Is that why I'm not joyful? I do think it's a big part of it. Ephesians 4 :32 says, "And be ye kind one to another, tenderhearted, forgiving one another, even as God for Christ's sake hath forgiven you" Now, I'm not perfect, and everyone will agree with me, I need to learn this verse as well.....but I'm tired of feeling like "Norma", and I want to start feeling like Liz again! I think it's my choice, even though everyone around here is moody, can never compliment, and doesn't know how to show any kind of appreciation for all the "stuff" I put up with. I don't have to do all the "nice" things I do for my family, but I choose to, because, guess what.... I love my family. And even though they ALL, yes all, of them walk all over me, I'm the wife and mother, and I still do it all. Someday, I sure hope the appreciation and kindness will follow, cause it just ain't here! But today I will start, and I will choose to be joyful, no matter what.......hey you never know, it may filter out all the moodiness in this house.

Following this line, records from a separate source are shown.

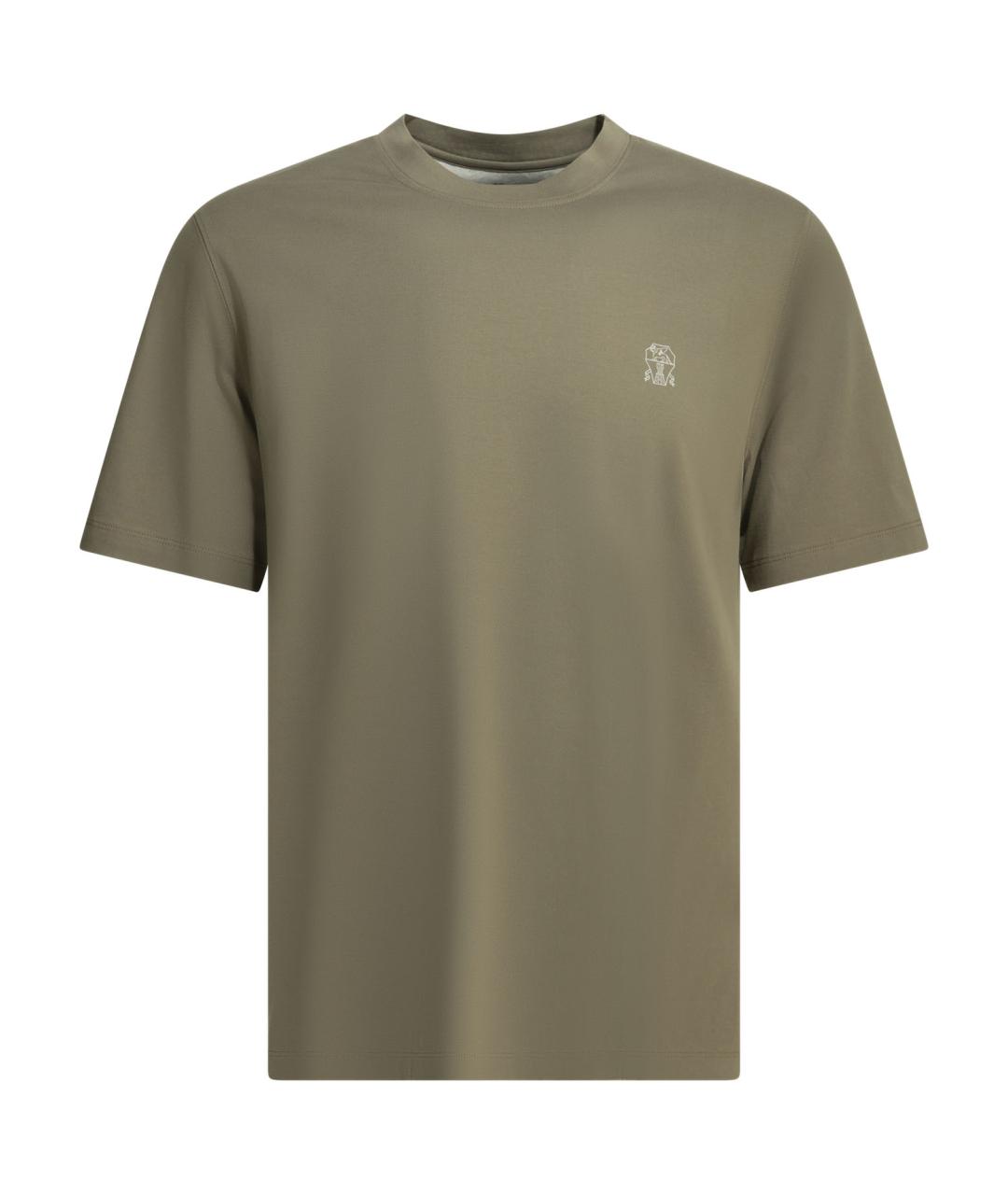 BRUNELLO CUCINELLI Зеленая хлопковая футболка, фото 1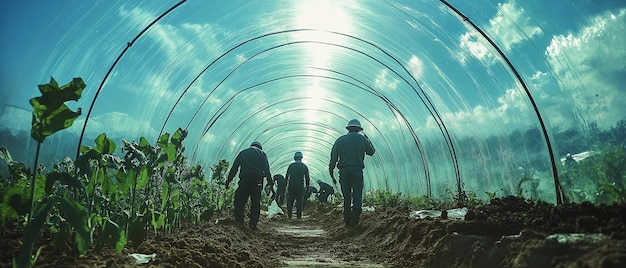 Photo farmers working in a greenhouse sustainable agriculture in action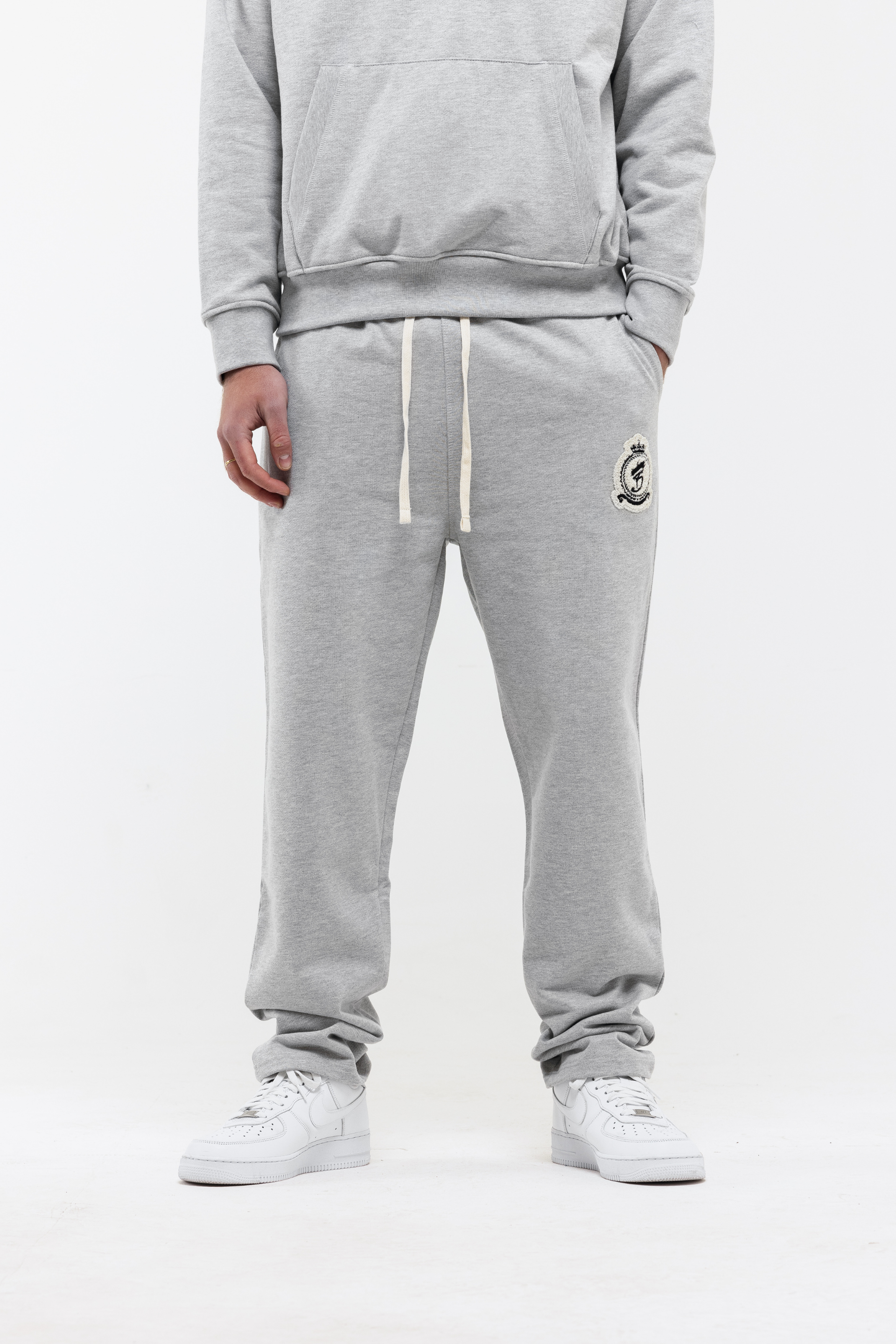 Chenille Badge Joggers - Melange Grey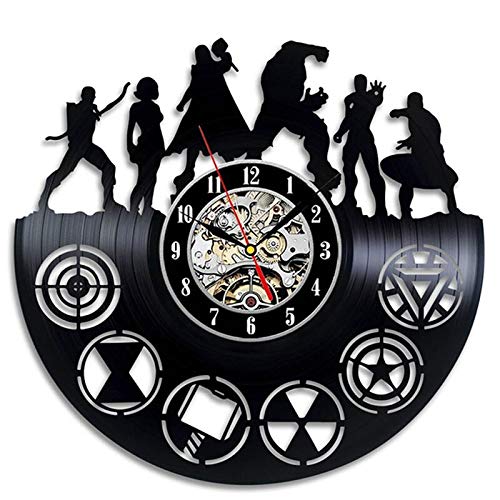 xcvbxcvb Nuevo Reloj de Pared con Disco de Vinilo de los Vengadores de Wandklok, diseño de Marvel Comics, Relojes de Iron Man y Capitán América y Thor, Reloj de decoración del hogar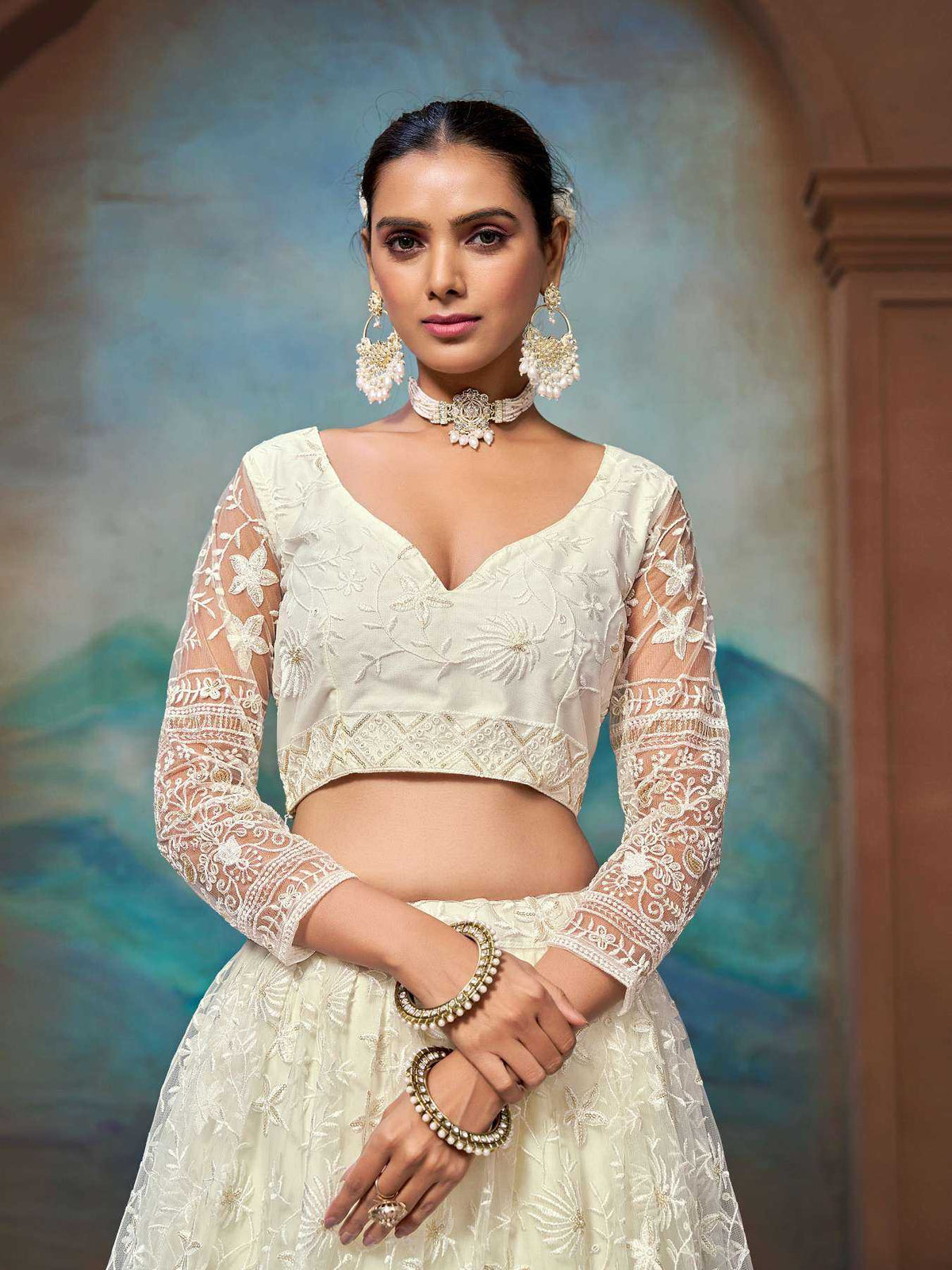 Net Embroidered Lehenga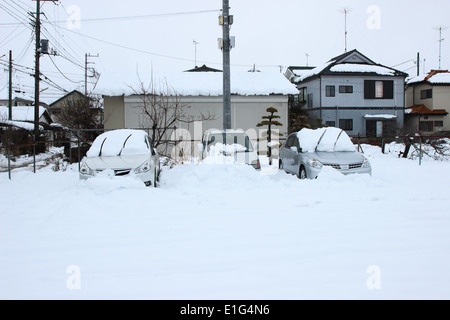 Japan - Feb14: Die schwersten Schnee in Jahrzehnten in Tokio und anderen Bereichen von Japan, am 14. Februar 2014 in Japan Stockfoto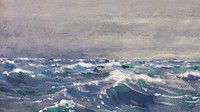 Vintage ocean wave desktop wallpaper, painting by William Henry Holmes. Remixed by rawpixel.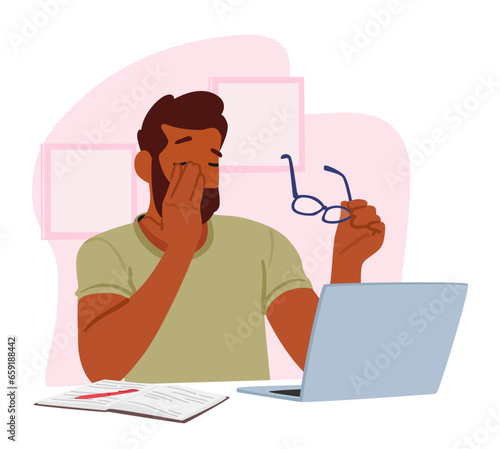 Man Character Sits At A Table, Holding Glasses In One Hand And Rubbing His Tired Eyes With The Other Vector Illustration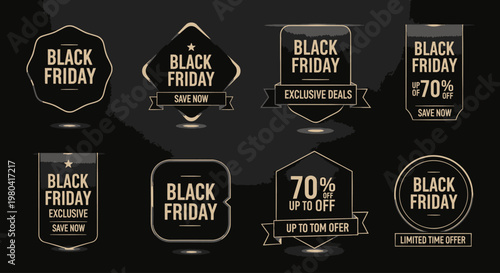 Black Friday Sale Discount Labels.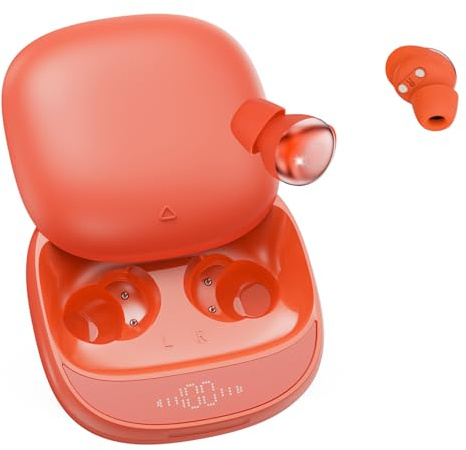 Cuffie Bluetooth, Cuffie per Dormire sul Fianco, Auricolari Bluetooth 5.4 con Doppia Modalità Sonno, 40 Ore Mini Sleep Earbuds Bluetooth, 6 modalità EQ Mini In Ear Auricolari IPX7, Display LED (Rosso)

Saturday, December 20, 2008

Just some pictures....................


I had some time this morning to post again. I'm really into it these past few days. Today we leave for my in laws to celebrate "Christmas with the Somma's". All my baking and decorating are done. I still have presents to wrap, and still more shopping...only a couple of gifts. Enjoy the pictures below, just some of the family and my decorations. Enjoy!

These are pictures from the Children's program at church last Sunday night. Davey is in the front row, in the red sweater....he really sang, and was so cute to look at.


This is Becca singing in her Children's choir...she really did love to sing!











Our Christmas Tree.......all the pretty decorations!


Dining room all set for tomorrow's company!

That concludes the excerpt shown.